Dai comizi ai post sul blog: così Grillo "tifava" Onorato

Quando il M5S era al governo, il comico spendeva parole al miele verso l'armatore: "Salvaguarda i diritti dei nostri marittimi". E sul blog lanciava una petizione a sostegno del patron di Moby

Dai comizi ai post sul blog: così Grillo "tifava" Onorato

Indubbiamente tra Beppe Grillo e Vincenzo Onorato scorre buon sangue. Un'ammissione che è arrivata anche dall'avvocato Pasquale Pantano, difensore dell'armatore, secondo cui "bisogna tener presente che Onorato e Grillo sono amici di vecchia data, da almeno 45 anni, e quindi facilmente qualcosa potrebbe essere stato equivocato". Il riferimento è all'indagine della Procura di Milano, che vuole far luce sui contratti pubblicitari sottoscritti nel 2018-2019 dalla compagnia marittima "Moby spa" di Onorato con il blog Beppegrillo.it. Andando a ripercorrere qualche passo nel passato, effettivamente emerge come il comico genovese più di una volta si sia schierato pubblicamente al fianco dell'armatore.

Il sostegno di Grillo a Onorato

Ad esempio il co-fondatore del Movimento 5 Stelle a maggio del 2018 sul suo blog aveva speso parole al miele nei confronti di Onorato: "Si sta battendo anima e cuore per salvaguardare i diritti dei nostri marittimi". Grillo dunque aveva preso le difese dell'armatore dopo che alcuni media lo avevano tacciato di razzismo e di discriminazione: "Condivido a pieno la battaglia di Onorato e faccio mie le sue parole. Chi è il razzista? Chi lascia a casa i nostri marittimi a fare la fame o chi con sfruttamento selvaggio imbarca extracomunitari, con salari da fame?".

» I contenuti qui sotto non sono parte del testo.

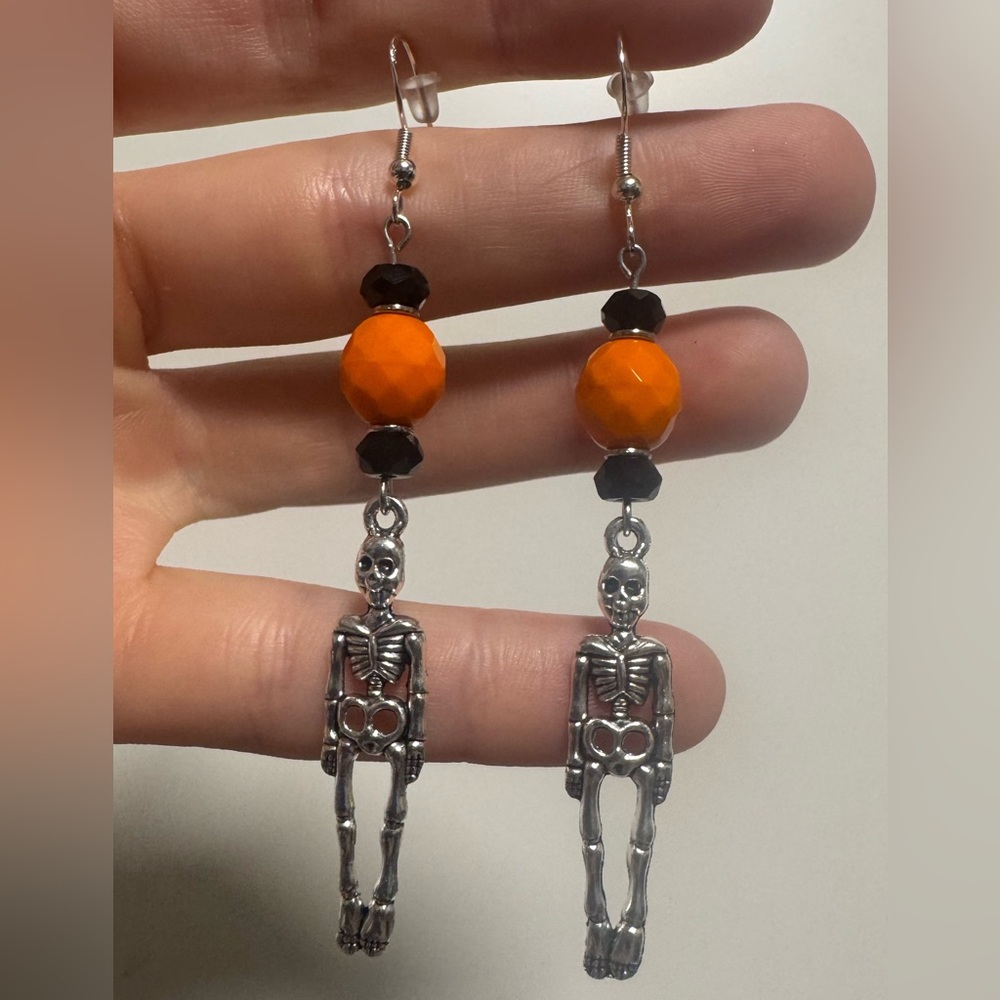 Silver Skeleton Earrings with Orange Beads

Poco più tardi, precisamente ad agosto, Grillo aveva rilanciato sempre sul suo blog una petizione dell'armatore. E anche in questo caso non aveva nascosto apprezzamenti: "Da anni è impegnato nella salvaguardia dei diritti calpestati di migliaia di lavoratori di Torre del Greco (e di molti altri comuni italiani)". Pertanto aveva invitato i lettori ad aiutare Vincenzo Onorato "in questa battaglia di rispetto e di dignità dei marittimi", sottoscrivendo i valori della petizione su cui costruire una legge in merito alle tratte nazionali.

Il comizio

C'è poi un altro "precedente", come ricorda La Repubblica. Risale però non al periodo in cui il Movimento 5 Stelle era al governo, ma al mese di febbraio del 2018. Ovvero in piena campagna elettorale per le elezioni politiche che si sono tenute a marzo. A Torre del Greco erano scesi in piazza Beppe Grillo e Luigi Di Maio per portare avanti la battaglia per i lavoratori marittimi italiani. E il comico genovese all'inizio del comizio aveva confessato: "Quando un armatore di qua, napoletano, mi ha detto che gli armatori sono esentasse... Nessuno sapeva questa notizia". Chi gli aveva "sollevato" il tema? Il riferimento era proprio all'armatore napoletano Onorato?